# WORK INSTRUCTIONS:
Print the data below again in full, exactly as it stands, with no images.

# DATA SEGMENT:

◆ ◆ ◆ ◆ ◆ ◆ ◆

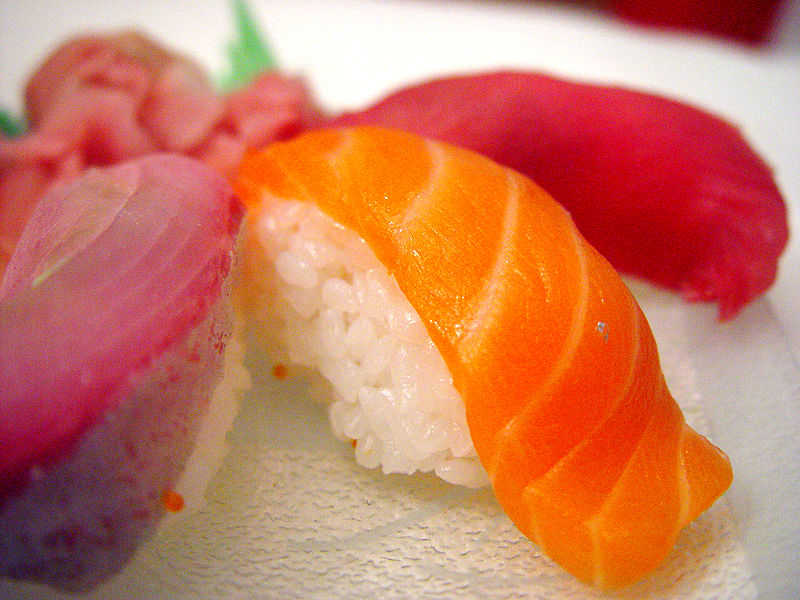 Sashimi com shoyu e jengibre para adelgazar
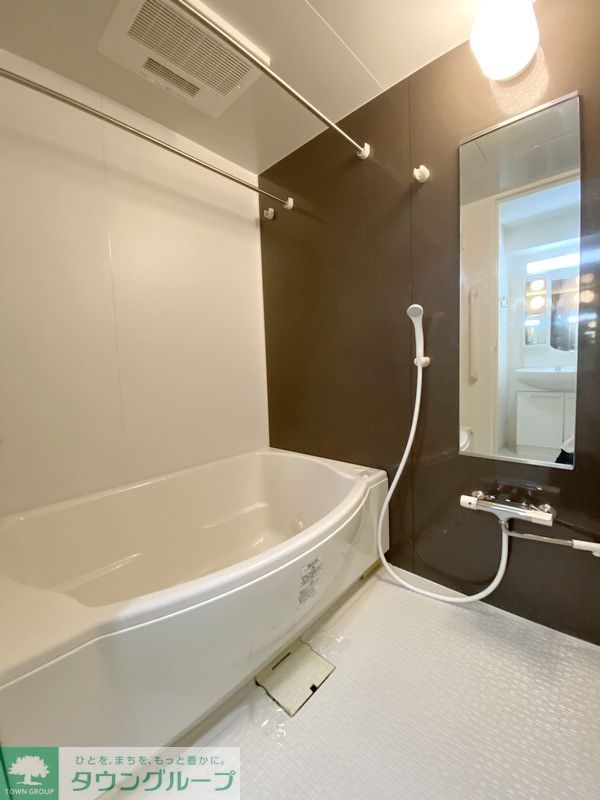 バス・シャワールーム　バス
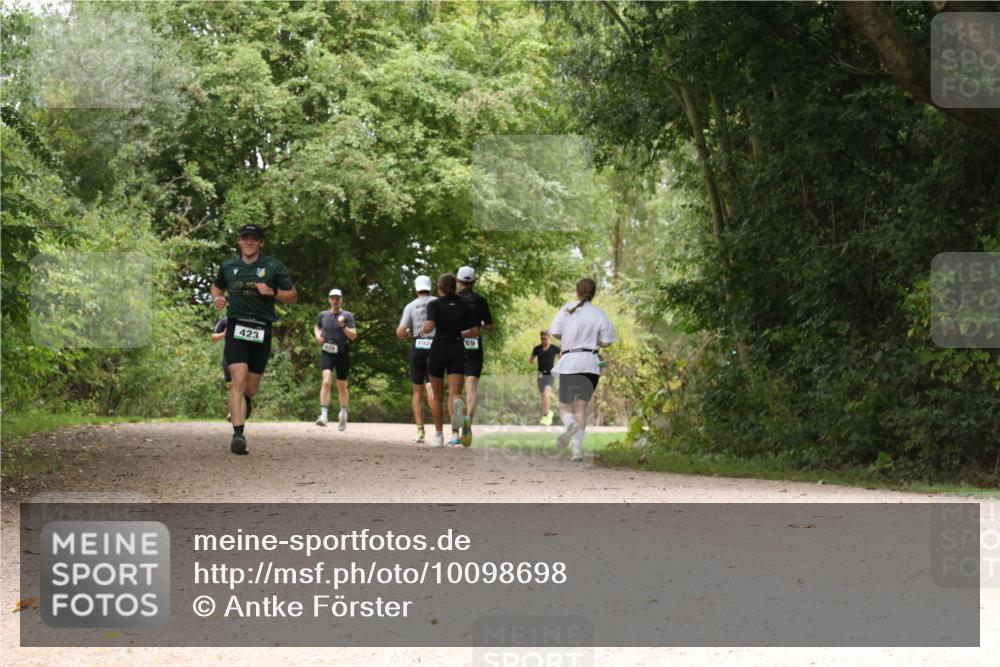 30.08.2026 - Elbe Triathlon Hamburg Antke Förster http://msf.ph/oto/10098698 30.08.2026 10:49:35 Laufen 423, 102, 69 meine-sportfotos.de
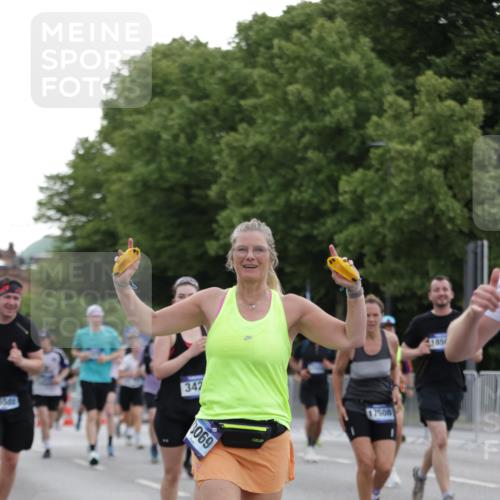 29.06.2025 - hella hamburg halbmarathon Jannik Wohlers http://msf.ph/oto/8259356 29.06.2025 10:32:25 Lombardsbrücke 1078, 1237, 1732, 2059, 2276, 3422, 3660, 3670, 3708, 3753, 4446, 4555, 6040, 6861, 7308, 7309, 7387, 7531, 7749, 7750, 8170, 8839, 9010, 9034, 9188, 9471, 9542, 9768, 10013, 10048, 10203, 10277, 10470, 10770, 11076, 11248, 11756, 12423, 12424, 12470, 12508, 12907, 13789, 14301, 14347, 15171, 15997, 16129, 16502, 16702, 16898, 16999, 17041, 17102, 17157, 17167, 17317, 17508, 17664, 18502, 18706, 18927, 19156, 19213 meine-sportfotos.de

◆ ◆ ◆ ◆ ◆ ◆ ◆

# RESPONSE:
 Sashimi com shoyu e jengibre para adelgazar
 バス・シャワールーム　バス
 30.08.2026 - Elbe Triathlon Hamburg Antke Förster http://msf.ph/oto/10098698 30.08.2026 10:49:35 Laufen 423, 102, 69 meine-sportfotos.de
 29.06.2025 - hella hamburg halbmarathon Jannik Wohlers http://msf.ph/oto/8259356 29.06.2025 10:32:25 Lombardsbrücke 1078, 1237, 1732, 2059, 2276, 3422, 3660, 3670, 3708, 3753, 4446, 4555, 6040, 6861, 7308, 7309, 7387, 7531, 7749, 7750, 8170, 8839, 9010, 9034, 9188, 9471, 9542, 9768, 10013, 10048, 10203, 10277, 10470, 10770, 11076, 11248, 11756, 12423, 12424, 12470, 12508, 12907, 13789, 14301, 14347, 15171, 15997, 16129, 16502, 16702, 16898, 16999, 17041, 17102, 17157, 17167, 17317, 17508, 17664, 18502, 18706, 18927, 19156, 19213 meine-sportfotos.de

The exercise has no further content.